I remember having Athlon X4 processor. They were great.
There is a fantastic sale on eBay that has new Ryzen 7 5800X for $180, I got one last month and have been amazed by it, how smooth the games are now, how quick the responses are. I am loving it. It’s my first Ryzen/AMD CPU. It’s so great.
There’s always a market for a sub $50 CPU. Office PC, Grandma’s HTPC, a starter computer for your kid, etc.
Too bad they’re so expensive in Australia, A$159 here.
It’s only A$189 for a 5600G, I’d be all over one of these for AUD$79 (or less!).
I built a PC for my wife’s beauty salon with the remains of my old PCs. i7 980 CPU, Asus Sabertooth X58 MB, 16GB kingston DDR3 1666Mhz, Kingston 500GB SSD, AMD HD7870… I could have used a RX 570 8Gb but for what she uses it, it would be a waste.
No shit, I am running a Win NT machine just for excel. Until this thing dies, I have no reason to replace it whatsoever. Too bad CRT went kaput years ago.
Appliance hardware, kiosks, industrial computers, etc. Equipment we buy at work, a lot of times it comes with older processors.
Yep, that too! There is an enormous amount of lower end hardware used in such kinds of equipment.
There’s nothing wrong with the 14nm, and not everyone needs 16 cores to use word and excel
That’s fine and all, but I think 4c/4t should be the absolute lowest tier, not 2c/4t. It also comes with a Vega iGPU, and AMD already said it is winding down support for new drivers.
It’s less power efficient
The box for this CPU unironically goes hard
It honestly looks like the Starfield 7800X3D box at a glance
14nm CPUs go hard
Just bought replacements parts for my pc (motherboard died, killing CPU and ram). I love the prices of the AM4 platform ;-)
Why does the Athlon series get all of the cool looking boxes? Lmao.
There aren’t a lot of places AMD can use 14nm anymore. They’re locked into a wafer supply agreement with GlobalFoundries until 2025 and GF abandoned development on their sub-14/12nm nodes.
Since AMD is moving even IO dies to more advanced nodes, they’re running out of places where they can use GlobalFoundries.
With no representative to compete in the entry-level market, it’s easy to see why AMD has kept the Athlon 3000G alive after all these years. It might sound shocking, but the Athlon 3000G is one of the few processors that haven’t lost its value since its debut. The Athlon 3000G launched at $49 four years ago, and the Zen chip still retails at the same MSRP. The price varies depending on the stock, as third-party sellers often jack up the price tag to around $65 or over $100.
it depreciates with inflation. crazy. no wonder they’re keeping them in production and refreshing the packaging.

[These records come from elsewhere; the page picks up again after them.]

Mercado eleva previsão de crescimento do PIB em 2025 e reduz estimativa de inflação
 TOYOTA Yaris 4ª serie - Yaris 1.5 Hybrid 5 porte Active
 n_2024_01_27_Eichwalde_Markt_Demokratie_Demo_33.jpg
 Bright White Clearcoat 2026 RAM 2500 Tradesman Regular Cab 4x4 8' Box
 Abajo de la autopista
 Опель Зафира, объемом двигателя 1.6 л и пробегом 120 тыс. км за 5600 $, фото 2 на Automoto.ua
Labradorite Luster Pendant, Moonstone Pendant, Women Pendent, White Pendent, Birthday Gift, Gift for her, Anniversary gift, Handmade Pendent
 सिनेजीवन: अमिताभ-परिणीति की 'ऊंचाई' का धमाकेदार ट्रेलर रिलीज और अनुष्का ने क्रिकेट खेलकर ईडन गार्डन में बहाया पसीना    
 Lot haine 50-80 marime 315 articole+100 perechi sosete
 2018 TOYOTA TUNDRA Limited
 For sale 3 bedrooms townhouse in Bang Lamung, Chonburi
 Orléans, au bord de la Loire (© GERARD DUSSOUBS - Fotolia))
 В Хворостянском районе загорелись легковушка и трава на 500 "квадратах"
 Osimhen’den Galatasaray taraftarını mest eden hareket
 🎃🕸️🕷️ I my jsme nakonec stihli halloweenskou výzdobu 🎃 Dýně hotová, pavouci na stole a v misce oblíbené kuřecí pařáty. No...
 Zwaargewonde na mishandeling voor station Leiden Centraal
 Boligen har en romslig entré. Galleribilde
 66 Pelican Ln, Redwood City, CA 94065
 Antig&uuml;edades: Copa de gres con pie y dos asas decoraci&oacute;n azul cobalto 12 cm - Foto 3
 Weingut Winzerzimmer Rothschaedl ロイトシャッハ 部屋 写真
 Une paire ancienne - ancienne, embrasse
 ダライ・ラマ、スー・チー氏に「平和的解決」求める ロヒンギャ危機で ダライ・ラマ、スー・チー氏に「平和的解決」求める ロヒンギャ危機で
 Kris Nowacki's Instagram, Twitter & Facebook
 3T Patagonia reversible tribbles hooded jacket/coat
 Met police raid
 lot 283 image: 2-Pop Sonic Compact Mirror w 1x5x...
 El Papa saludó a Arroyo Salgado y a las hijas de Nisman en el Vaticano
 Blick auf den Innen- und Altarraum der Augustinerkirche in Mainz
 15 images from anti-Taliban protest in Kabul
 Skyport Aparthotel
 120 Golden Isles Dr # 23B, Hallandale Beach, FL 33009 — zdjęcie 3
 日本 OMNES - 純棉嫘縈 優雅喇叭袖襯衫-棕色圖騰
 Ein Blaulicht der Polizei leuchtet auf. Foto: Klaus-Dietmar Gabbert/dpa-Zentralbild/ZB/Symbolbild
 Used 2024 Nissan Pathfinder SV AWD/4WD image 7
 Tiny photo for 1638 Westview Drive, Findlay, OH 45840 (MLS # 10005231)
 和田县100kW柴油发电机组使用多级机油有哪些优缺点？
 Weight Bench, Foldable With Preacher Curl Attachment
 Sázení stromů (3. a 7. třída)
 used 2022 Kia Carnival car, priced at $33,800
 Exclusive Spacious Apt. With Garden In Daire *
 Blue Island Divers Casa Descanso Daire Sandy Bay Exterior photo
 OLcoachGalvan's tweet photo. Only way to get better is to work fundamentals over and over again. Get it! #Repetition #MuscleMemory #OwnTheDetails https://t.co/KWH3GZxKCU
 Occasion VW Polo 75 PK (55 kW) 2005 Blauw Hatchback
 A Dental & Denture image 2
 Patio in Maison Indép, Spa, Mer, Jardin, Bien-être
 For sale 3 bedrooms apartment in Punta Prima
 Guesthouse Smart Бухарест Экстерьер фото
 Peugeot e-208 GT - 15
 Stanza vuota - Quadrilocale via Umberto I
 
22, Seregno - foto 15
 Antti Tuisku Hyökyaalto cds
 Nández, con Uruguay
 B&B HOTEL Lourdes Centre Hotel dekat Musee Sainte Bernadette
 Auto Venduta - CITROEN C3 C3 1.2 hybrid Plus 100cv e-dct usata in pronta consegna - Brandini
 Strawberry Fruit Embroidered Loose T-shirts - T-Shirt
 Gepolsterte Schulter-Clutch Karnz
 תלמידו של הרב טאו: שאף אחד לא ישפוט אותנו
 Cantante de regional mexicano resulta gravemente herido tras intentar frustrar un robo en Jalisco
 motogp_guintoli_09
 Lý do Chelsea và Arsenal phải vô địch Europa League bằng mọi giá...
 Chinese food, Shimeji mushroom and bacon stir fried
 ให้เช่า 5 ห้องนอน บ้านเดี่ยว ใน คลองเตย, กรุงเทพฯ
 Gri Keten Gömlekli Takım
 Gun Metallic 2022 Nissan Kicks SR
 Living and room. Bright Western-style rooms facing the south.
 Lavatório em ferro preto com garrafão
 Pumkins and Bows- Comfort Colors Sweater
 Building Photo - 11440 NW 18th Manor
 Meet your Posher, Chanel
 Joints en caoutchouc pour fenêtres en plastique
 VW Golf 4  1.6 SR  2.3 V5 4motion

Back in 2019 i build a computer with athlon ge 200. Was using it until i bought 1600 a couole momths after. Sure, athlon was not a powerhouse, however, it was a good cpu for basic home computer. And the fact it played a lot of older games without problems was nuts.
Good thing they ditched AM3-era heatsink for modern Wraith Stealth cooler. There’s still a market for everyday desktop PC for home and office use.
However, it still needs to be paired with between old A320 to X470 mobos only. A520 and above mobos are unsupported.
There would never be enough throughput for silicon if we only used the latest nodes. These factories can operate for decades
If this thing was 4 core it would be incredible
These and other products (like Zen+ embedded) likely fulfill AMD’s (contractual) wafer-buy obligations to GloFo until 2025. Though GloFo is seeing pretty high demand on 12/14nm for products that don’t really need leading-edge silicon. Trailing-edge is just fine and much more affordable.